At the time, part of my morning routine included spending 30 seconds on the rear bumper of my car, hopping up and down like an ape. Apparently the fuel pump on my beloved ‘87 VW Golf had bitten the big one, and in order to get it to start I had to "slosh the gas around a bit, help it into the engine somehow." Or so said Jason, the genius I worked with, after I barked at his initial suggestion of a four hundred dollar trip to his mechanic’s. My car had no grill (the automotive equivalent to no front teeth), one working door handle, two hubcaps, a hundred and ninety eight thousand miles and was found more than once in someone’s front lawn when the parking brake just couldn’t take it anymore. So even though I loved my car more than I loved most people, it seemed a little high-falutin to go out and buy it a brandy new fuel pump, especially when I hadn’t chewed on the right side of my mouth for nine days due to a cavity that I was too broke to fill.

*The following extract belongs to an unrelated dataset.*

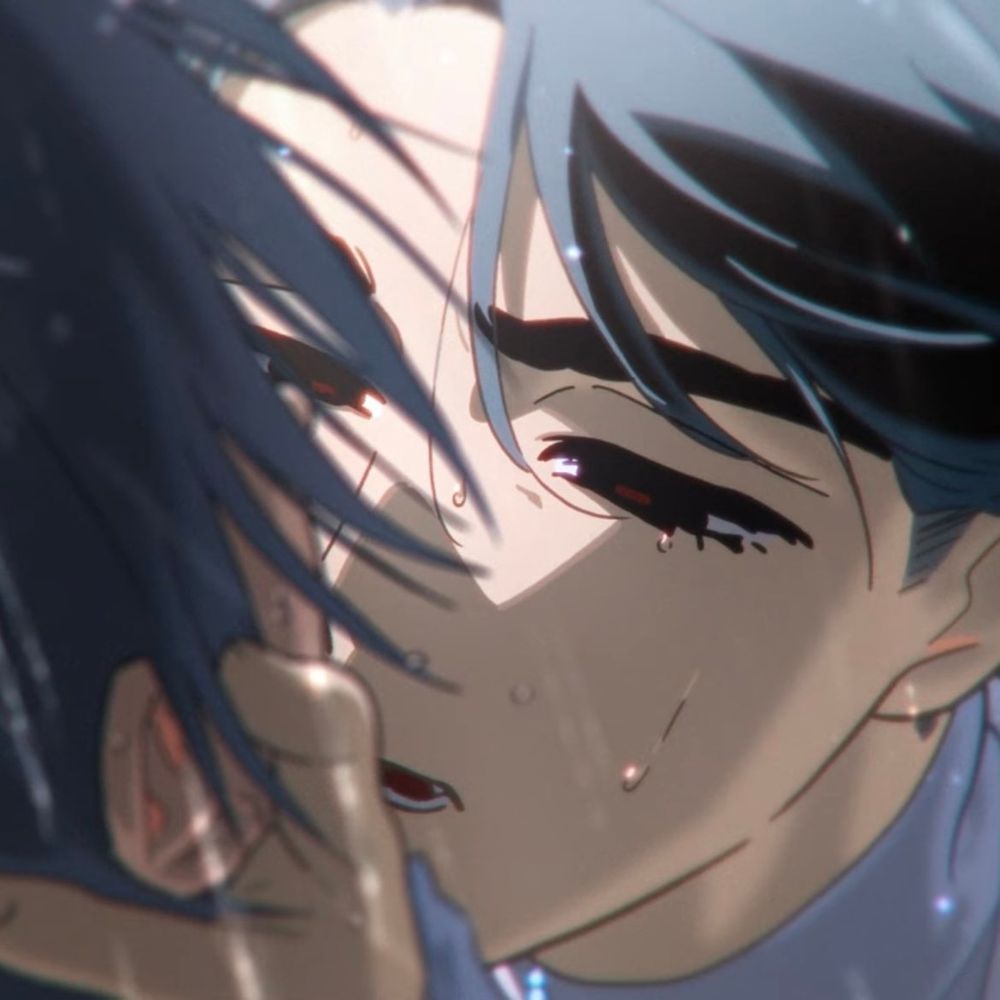 Niki (*＞∇＜)ﾉ 💫 Farewell, my Kaiser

My mornings with my car, one hand clinging to my hatch back while the other waved my neighbors off to work, seemed par for the course. My neighbors would chime in with clever witticisms like “you sure know how to go for a car ride!” and I'd laugh and laugh and cry and think to myself, car, I understand why, even after a good solid humping, you still sometimes don’t feel like starting. Why bother? What's the point? Where do we have to go anyway? It wasn’t until it began stalling out in traffic that I decided I had to do something. Neighbors were one thing, but a rush hour’s worth of drivers screaming at me to move my fucking car while I frantically performed sexual acts on its rear end, in flip flops, in my thirties, was my rock bottom. I knew there were plenty of ways to earn four hundred bucks that would be equally, if not less, humiliating.

So I got the fuel pump fixed. And then tied the bumper on with a tow rope, stuffed a beer cozy in the sunroof to keep it from leaking and headed out to Utah for my annual backpacking trip. We made it all the way, problem free, but when I pulled up next to my friends who are two of the biggest hippies to ever Grateful Dead their way across the planet - the kind who re-use the same plastic bag 47 times - they took one look at my car and shook their heads. "Jen, it's time."

Nobody likes hearing that it's time to get rid of the thing they love, but if it's not working, it's not working. You deserve someone who's going to scream your name from the rooftops, not who's going to constantly validate your feelings of unworthiness.

If this guy wanted to be with you, he'd be with you - otherwise why didn't he come and steal your hand away when you almost married someone else? Humping him until he comes to and realizes you're the one for him may work, but it also may not. And since you can't predict what someone else is going to do, you can only give them the heave ho when they're not doing what you want, it's time to cut the brother loose and get on with it. Life's too precious to live it on someone else's terms. And too short to be humping the wrong guy.